Ma può bastare? La realtà resta assai preoccupante: il sigillo cinese sul porto del Pireo e la crescente presenza in quello di Valencia attestano come la Via della Seta marittima abbia piantato solide ancore nel Mediterraneo. Trieste e Genova restano ancora porti «europei». Non per questo però possono ritenersi al riparo dall’interesse strategico di Pechino. Di tale stato di cose non ci si può meravigliare. Il Mare Nostrum è da secoli teatro di contese. E dove un tempo si affrontavano le flotte, oggi si punta al dominio di porti e catene logistiche.
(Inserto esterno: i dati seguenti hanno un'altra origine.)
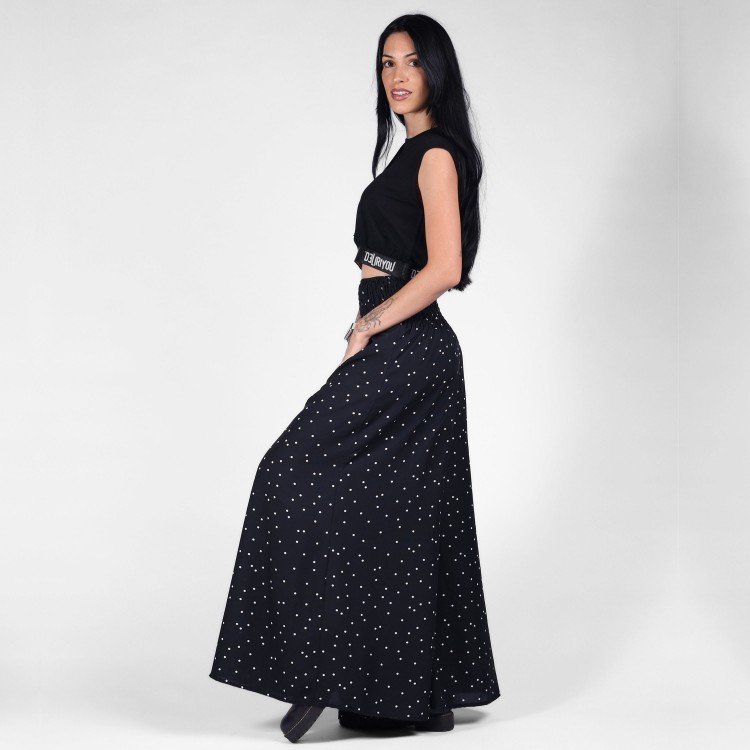 Calça Pantalona Estampa Polka Dots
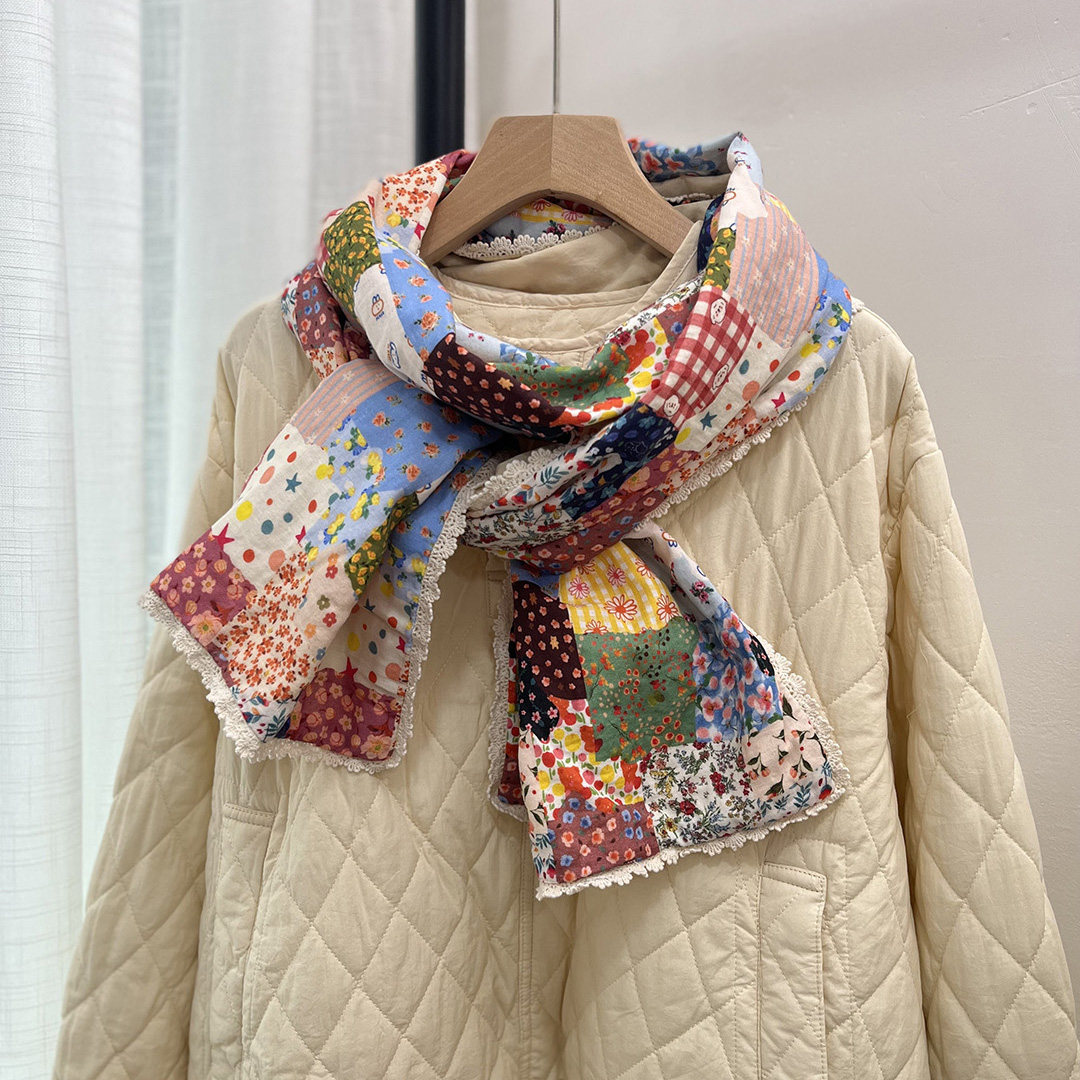 碎花拼接软糯棉纱长款围巾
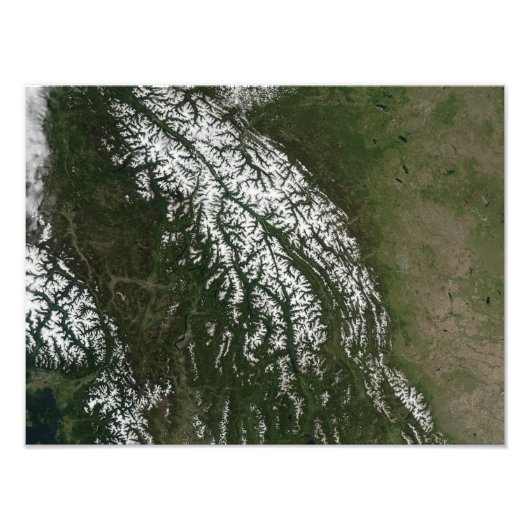 Uitzicht van de Rocky Mountains Foto Afdruk (Voorkant)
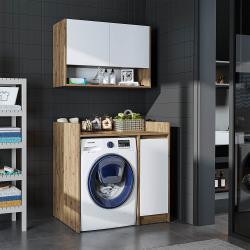 Roomart Çamaşır Makinesi Dolabı Takımı Derin 100 cm Atlas Çam-Beyaz uygulama örneği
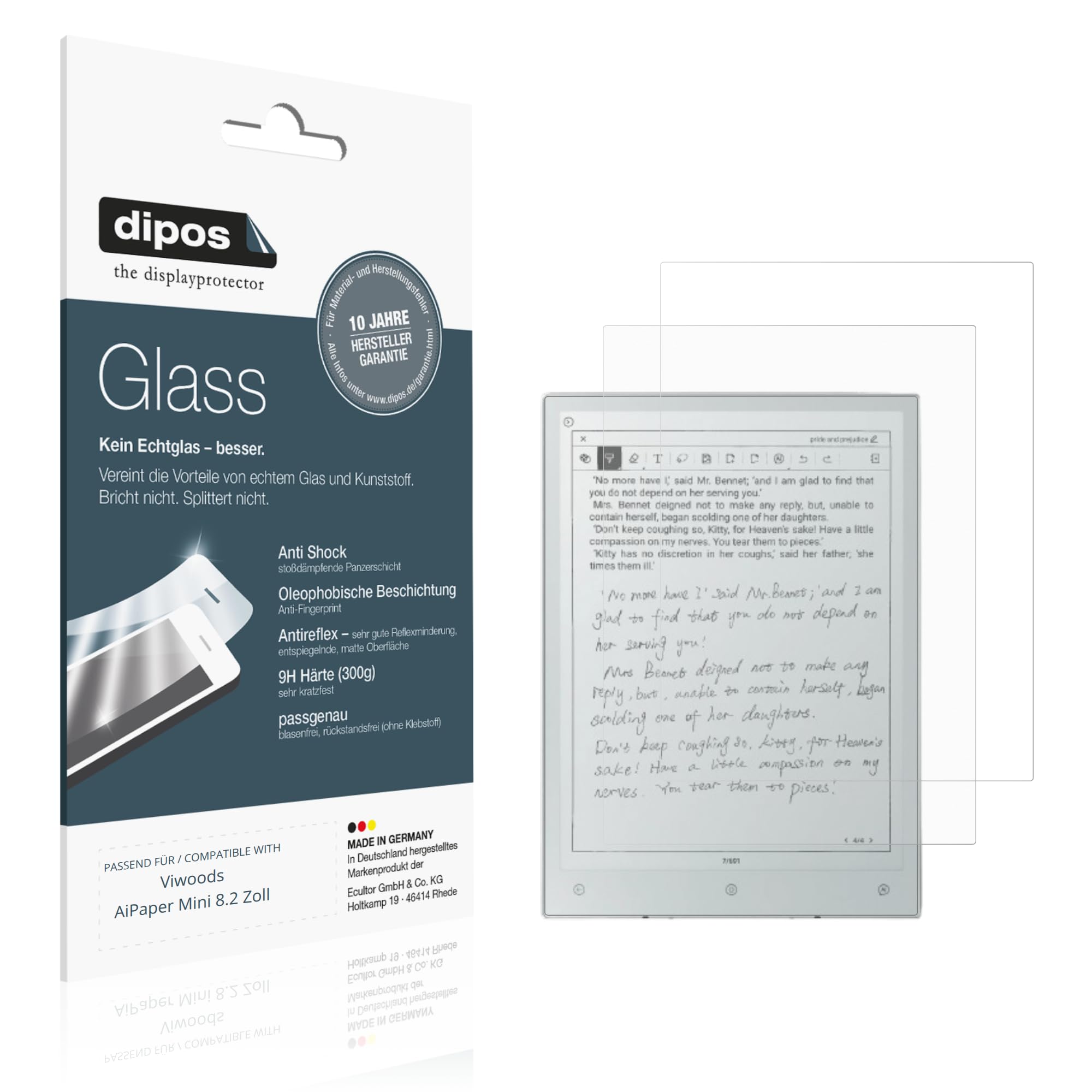  Dipos I 2x Displayschutz 9H matt kompatibel für Viwoods AiPaper Mini 8.2 Zoll - Shatterproof & Anti-Shock
| Dipos I 2x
Noi europei, dunque, se non possiamo sfidare la Cina sui terreni di prezzi e quantità, dobbiamo puntare sulla prossimità, la rapidità, la garanzia certificata della qualità. Le merci che salpano dall’Asia impiegano settimane per giungere sulle nostre coste. Le «filiere corte» del Mediterraneo, al contrario, possono ridurre le distanze, accelerare le consegne e trasformare la vicinanza geografica tra Europa e Africa in un vantaggio competitivo. Perfino superfluo aggiungere come l’Italia, per la sua collocazione geopolitica, si candidi naturalmente a divenire il baricentro di questa rete logistica. E a rappresentare lo snodo dal quale far passare la redistribuzione del valore tra le due sponde del Mare: ricerca, design e rifinitura da un canto; lavorazioni più standardizzate dall’altro.
In tale cornice, porti come Gioia Tauro e Taranto, se connessi adeguatamente con retroporti e ferrovie, possono aspirare ad assurgere a «porte d’Europa». La prospettiva è più facile da enunciare che da realizzare concretamente. C’è un problema di mezzi e di strumenti, certo, ma ancor più di volontà politica.
Bisogna innanzitutto evitare che l’alterazione degli equilibri globali provocata da Trump spinga Bruxelles a gettarsi nelle braccia della Cina. Il problema, semmai, è quello di ridurre le nostre tradizionali dipendenze senza generarne di nuove. La storia recente dovrebbe avercelo insegnato. Dalle mascherine cinesi durante la pandemia, al gas russo dopo l’invasione dell’Ucraina, fino a giungere ai «conti» a cui oggi ci costringe il monopolio tecnologico americano, la musica non cambia: l’Europa necessita di un’autentica autonomia strategica. E questa passa dall’economia non meno che dagli armamenti.
Per tale ragione il Mediterraneo, per la sovranità europea, è un banco di prova. Su commercio e trasporto marittimo, in particolare, si giocano partite decisive per il continente. Ed è per questo che oggi la «questione» del Mezzogiorno non può essere inquadrata che in tale contesto.